CHAPTER SIX
The call came just past midnight.
General Li Xuefang was still awake, reviewing intelligence reports by the soft glow of her desk lamp when the encrypted line flashed red. She answered immediately.
"General Li," a voice from the Presidential Guard barked through the comms, "there's been an incident at the residence. High priority. The President requests your immediate presence."
Her pen stilled.
"Define incident."
"An internal breach, ma'am. Security compromised. One casualty confirmed."
Li stood at once, her chair scraping back with military precision. Within minutes, she was dressed, hair pinned, pistol holstered — the Iron Lotus reborn.
---
The Presidential Residence was ablaze with lights when her motorcade arrived. The air was sharp, humming with urgency. Soldiers snapped to attention as she strode in, her coat billowing behind her like a dark banner.
President Zhao Wenhai awaited her in the command room, his expression grave.
"A member of my personal staff," he said quietly, "found dead in my office. Poisoned. We've locked the compound down, but we suspect infiltration — someone inside."
Li's gaze swept over the room — the shaken aides, the guarded silence.
"I'll take command of the investigation," she said. "No one leaves until I say so."
And with that, the old, relentless General returned to the battlefield — this time, within her own government's walls.
---
Back at the Red Lotus Mansion, a very different story unfolded.

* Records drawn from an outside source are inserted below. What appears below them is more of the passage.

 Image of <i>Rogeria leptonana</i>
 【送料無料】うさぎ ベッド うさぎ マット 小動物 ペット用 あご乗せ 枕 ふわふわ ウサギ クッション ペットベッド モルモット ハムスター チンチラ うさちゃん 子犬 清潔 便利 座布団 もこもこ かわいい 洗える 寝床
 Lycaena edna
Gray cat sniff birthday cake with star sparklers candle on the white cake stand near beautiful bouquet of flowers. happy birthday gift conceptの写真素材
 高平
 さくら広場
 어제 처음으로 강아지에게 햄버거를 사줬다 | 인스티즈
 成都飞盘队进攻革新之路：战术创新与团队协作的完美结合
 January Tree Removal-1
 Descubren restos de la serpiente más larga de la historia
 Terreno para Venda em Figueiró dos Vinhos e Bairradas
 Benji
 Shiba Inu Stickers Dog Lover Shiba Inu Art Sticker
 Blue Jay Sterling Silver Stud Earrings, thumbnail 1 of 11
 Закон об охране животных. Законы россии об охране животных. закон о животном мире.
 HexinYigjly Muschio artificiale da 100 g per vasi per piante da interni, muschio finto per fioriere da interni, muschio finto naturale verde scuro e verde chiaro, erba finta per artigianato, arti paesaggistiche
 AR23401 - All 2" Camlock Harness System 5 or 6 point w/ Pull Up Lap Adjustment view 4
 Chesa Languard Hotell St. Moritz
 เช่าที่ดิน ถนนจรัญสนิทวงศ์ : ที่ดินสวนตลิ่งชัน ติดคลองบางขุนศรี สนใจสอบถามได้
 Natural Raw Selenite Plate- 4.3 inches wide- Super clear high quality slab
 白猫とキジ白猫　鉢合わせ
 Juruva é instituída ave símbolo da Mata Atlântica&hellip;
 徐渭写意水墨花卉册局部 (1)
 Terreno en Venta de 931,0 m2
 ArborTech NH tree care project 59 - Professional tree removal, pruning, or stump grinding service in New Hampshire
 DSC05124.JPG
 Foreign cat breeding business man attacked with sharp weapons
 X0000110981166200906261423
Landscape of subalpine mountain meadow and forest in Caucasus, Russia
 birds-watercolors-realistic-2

While the city buzzed with rumors of the presidential crime, Jiang Ren was far from the turmoil. He had finished his lectures for the week, and with the university behind him, his world shifted.
Gone was the serious, refined professor admired by students.
In his place emerged someone softer — playful, boyish, disarmingly alive.
At home, he ditched the suits for oversized hoodies, sneakers, and paint-splattered sweatpants. He hummed off-key while cooking instant noodles, and sometimes danced with a broom as if performing for an invisible audience.
The mansion staff watched in quiet disbelief.
To them, he wasn't Professor Jiang anymore — he was Ren, the lighthearted, teasing young man who treated everyone like family.
He often wandered into the garden barefoot, sketching koi fish or teasing the guards with paper airplanes. Even the stern Commander Shen Rui caught him once, crouching beside the fountain, making faces at the reflection of a frog.
"Sir… what are you doing?" Shen asked, baffled.
"Diplomacy," Jiang grinned. "You'd be surprised how talkative frogs get when they trust you."
Shen blinked. "...Right."
---
That evening, when Li Xuefang returned from the presidential compound — exhausted, sharp-eyed, her gloves still stained with the dust of investigation — she found Jiang sprawled on the sofa in the common lounge, munching on melon seeds and laughing at a comedy show.
He looked up at her, startled for a second — then smiled, as if greeting a neighbor.
"Oh, you're back. Busy night saving the nation again?"
Her gaze was cold steel. She didn't answer — just brushed past him, boots echoing against the marble. But as she ascended the stairs, she couldn't ignore the faint sound of his laughter behind her — light, careless, almost… humanizing.
How can one person live with such duality? she thought. Professor by day, child by night…
Then she dismissed the thought entirely.
Distractions had no place in her world — especially not those that smiled too easily.